[Captioned web images]
───
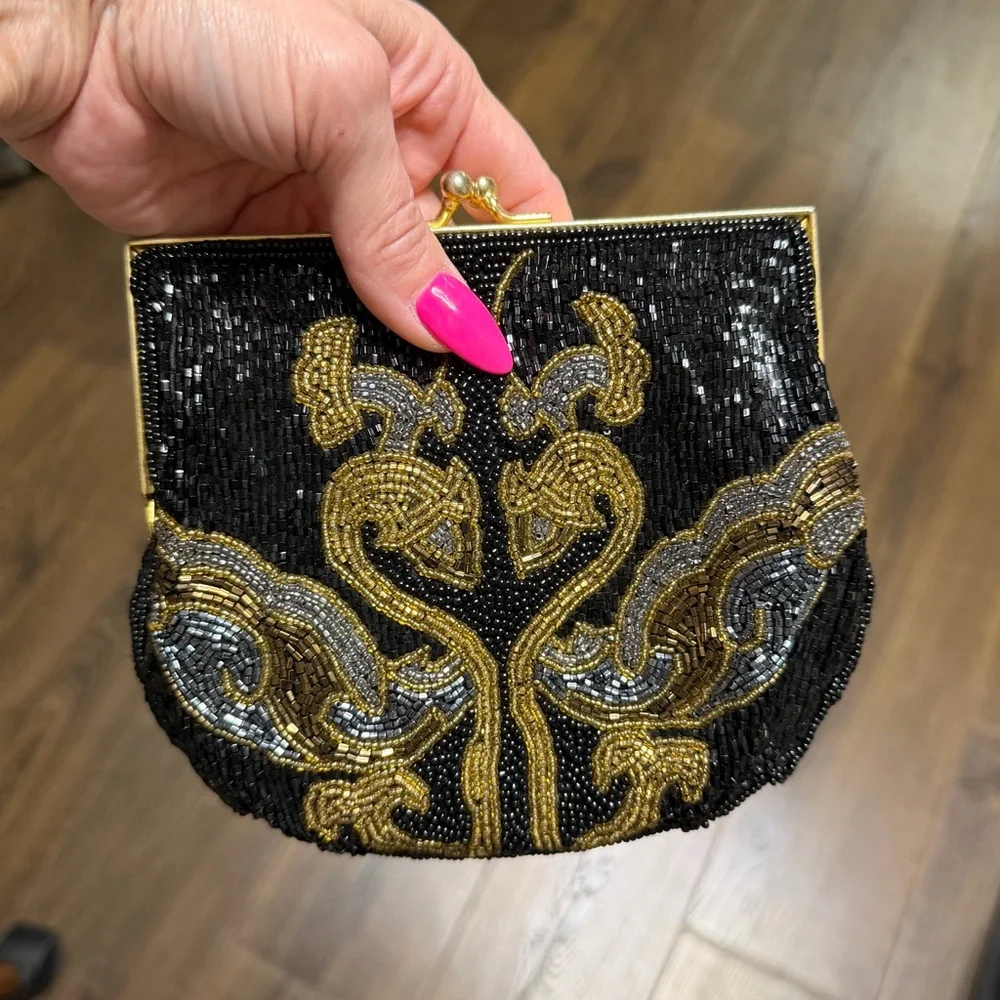 Lauren Alexandra Beaded Black and Gold Evening Bag kiss lock vintage swans - Picture 7 of 8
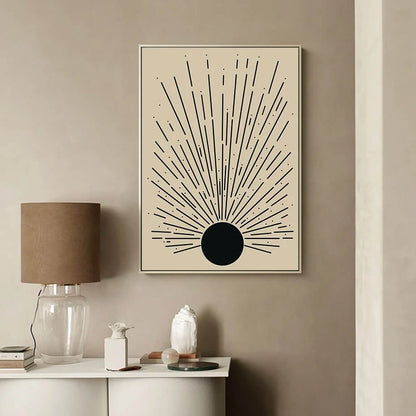 Mid Century Sun and Moon Boho Abstract Wall Art Canvas Print Modern Minimalist Pictures For Living Room Bedroom Home Décor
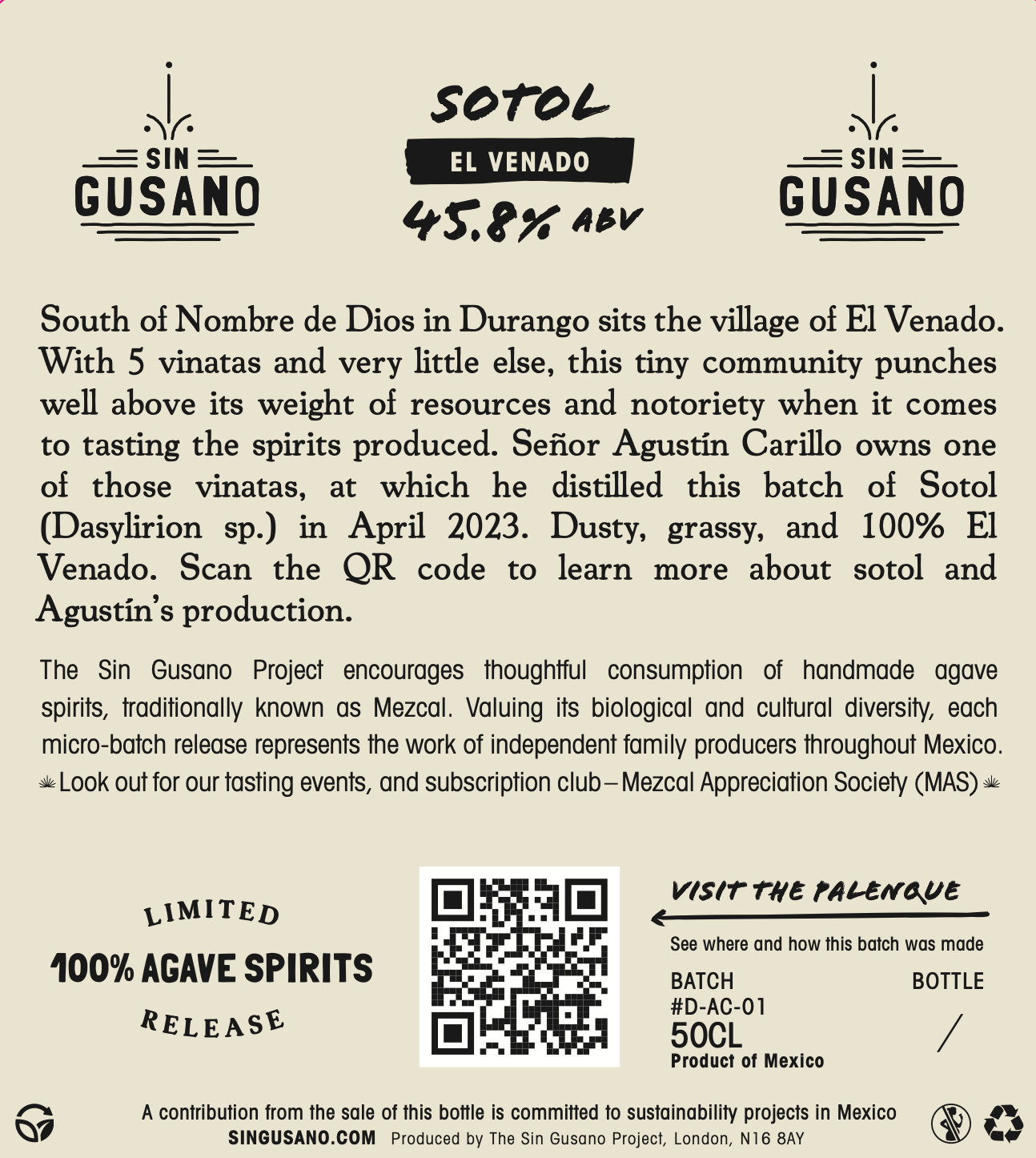 information label for the Sotol - El Venado small batch mezcal exclusively available at Sin Gusano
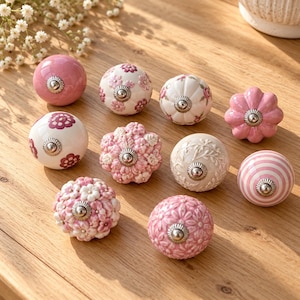 Assorted Pink Floral Ceramic Cabinet Knobs, Set of 4, Decorative Drawer Pulls for Dressers and Cupboards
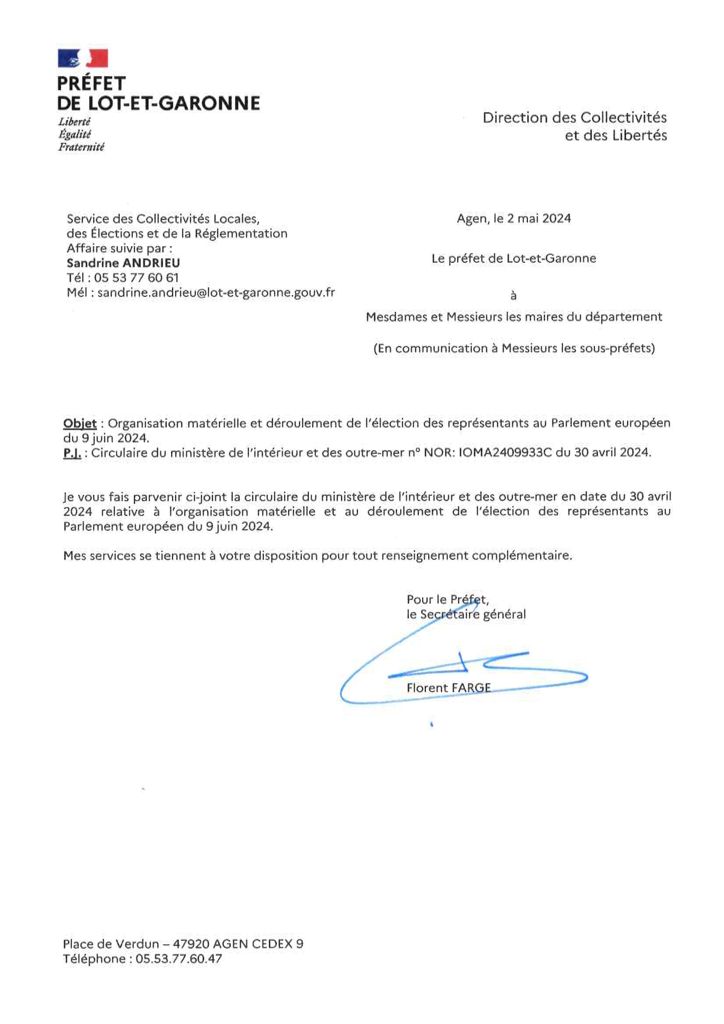 Note aux Maires Elections Européennes 2024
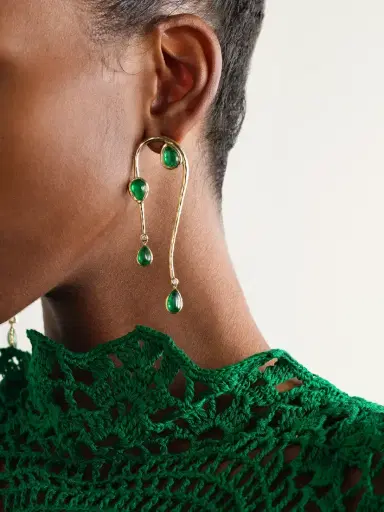 Octavia Elizabeth Eucalyptus 18-karat Recycled Gold, Emerald And Diamond Earrings | Thumbnail 2 Octavia Elizabeth Eucalyptus 18-karat Recycled Gold, Emerald And Diamond Earrings | Thumbnail 2
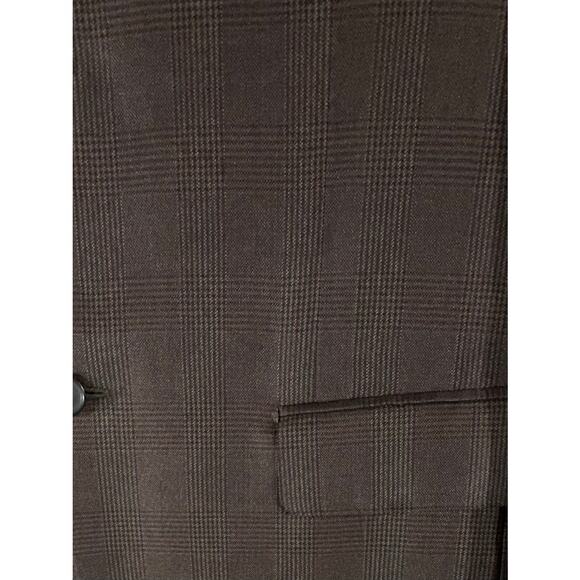 Isaia Napoli Blazer Sport Coat Size 54 (US44) Wool Silk Blend Brown Glen Check - Picture 10 of 11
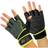 Fitness Mad Mens Leather Weightlifting Gloves (Black/Neon Green)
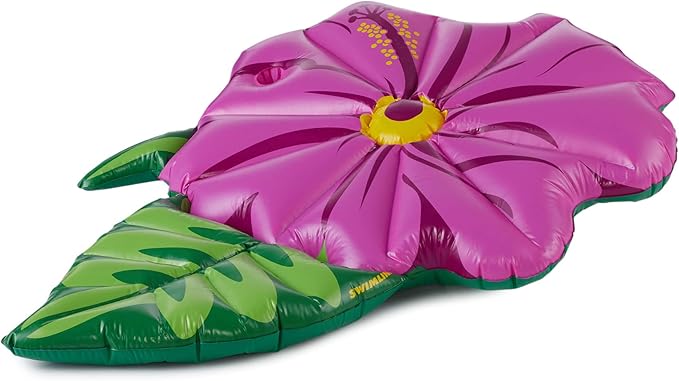 SWIMLINE Inflatable Swimming Pool Float Lounger Raft Mattress, Fun Mat, Hibiscus Flower, Purple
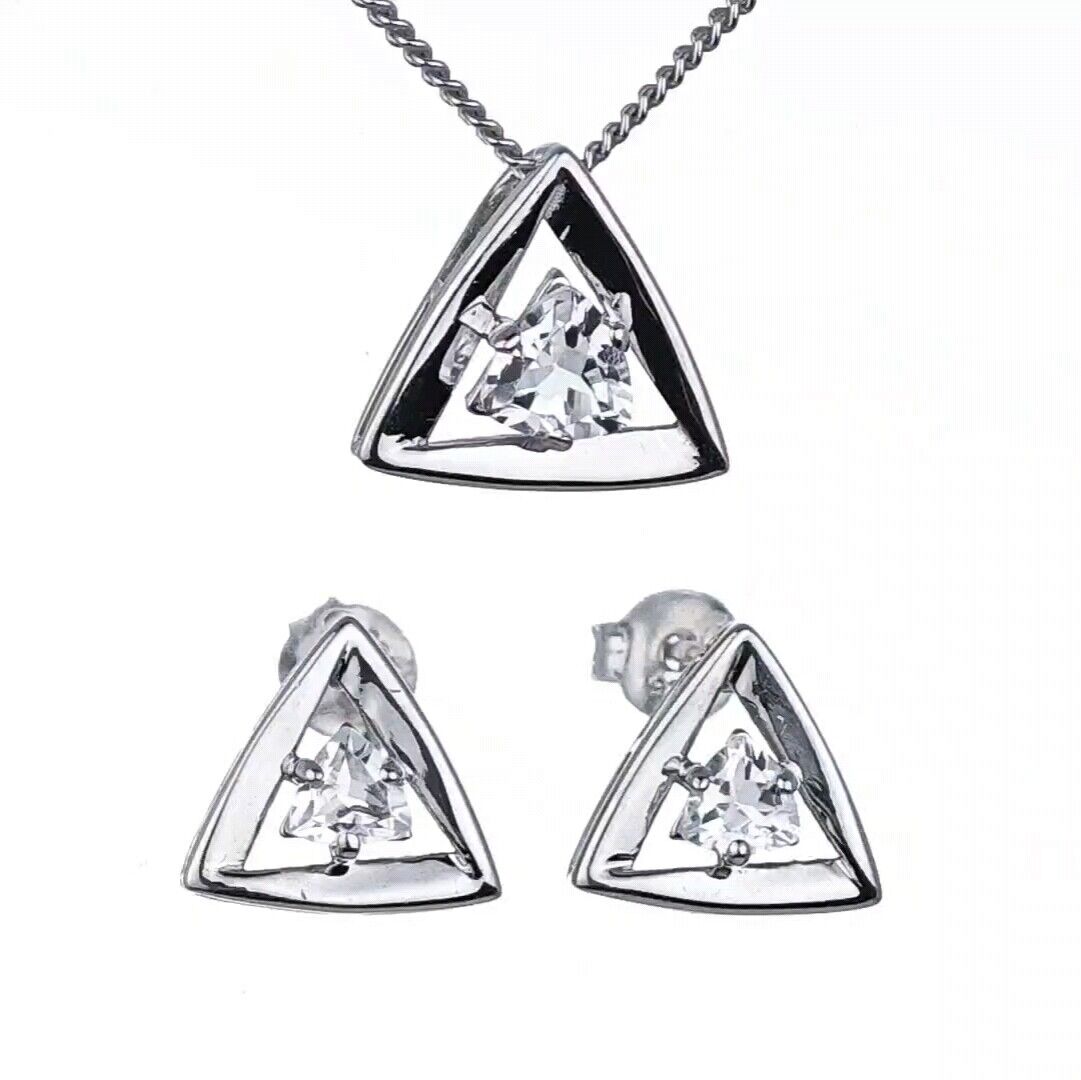 White Topaz Set Necklace Earrings Sterling Silver Studs Trillion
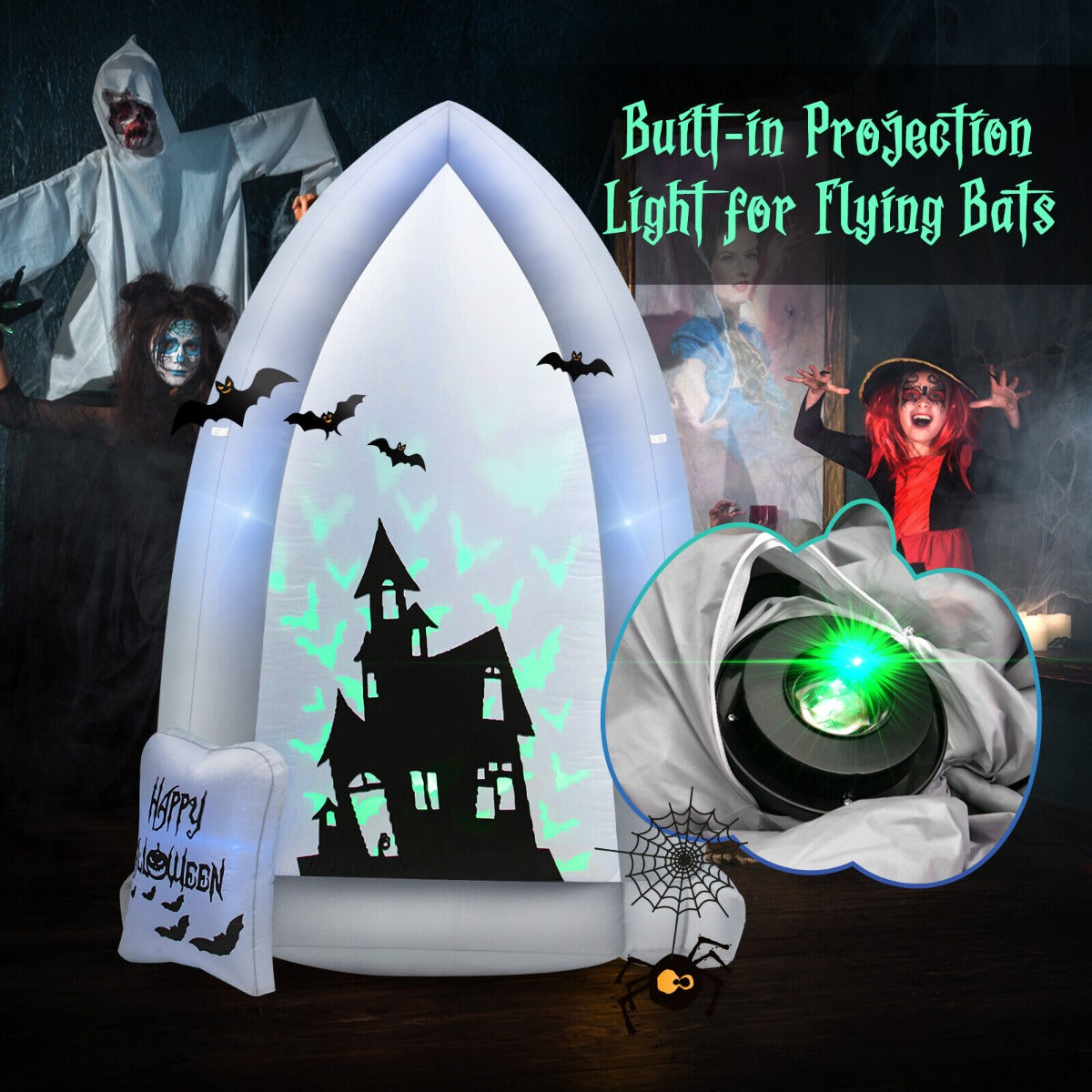 7 Feet Tall Halloween Inflatable Tombstone with Built-in LED Lights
───
• WHAT YOU ARE ASKED TO DO: Pictures stay out; the records above are otherwise reproduced exactly.

• WRITTEN RESPONSE:
 Lauren Alexandra Beaded Black and Gold Evening Bag kiss lock vintage swans - Picture 7 of 8
 Mid Century Sun and Moon Boho Abstract Wall Art Canvas Print Modern Minimalist Pictures For Living Room Bedroom Home Décor
 information label for the Sotol - El Venado small batch mezcal exclusively available at Sin Gusano
 Assorted Pink Floral Ceramic Cabinet Knobs, Set of 4, Decorative Drawer Pulls for Dressers and Cupboards
 Note aux Maires Elections Européennes 2024
 Octavia Elizabeth Eucalyptus 18-karat Recycled Gold, Emerald And Diamond Earrings | Thumbnail 2 Octavia Elizabeth Eucalyptus 18-karat Recycled Gold, Emerald And Diamond Earrings | Thumbnail 2
 Isaia Napoli Blazer Sport Coat Size 54 (US44) Wool Silk Blend Brown Glen Check - Picture 10 of 11
 Fitness Mad Mens Leather Weightlifting Gloves (Black/Neon Green)
 SWIMLINE Inflatable Swimming Pool Float Lounger Raft Mattress, Fun Mat, Hibiscus Flower, Purple
 White Topaz Set Necklace Earrings Sterling Silver Studs Trillion
 7 Feet Tall Halloween Inflatable Tombstone with Built-in LED Lights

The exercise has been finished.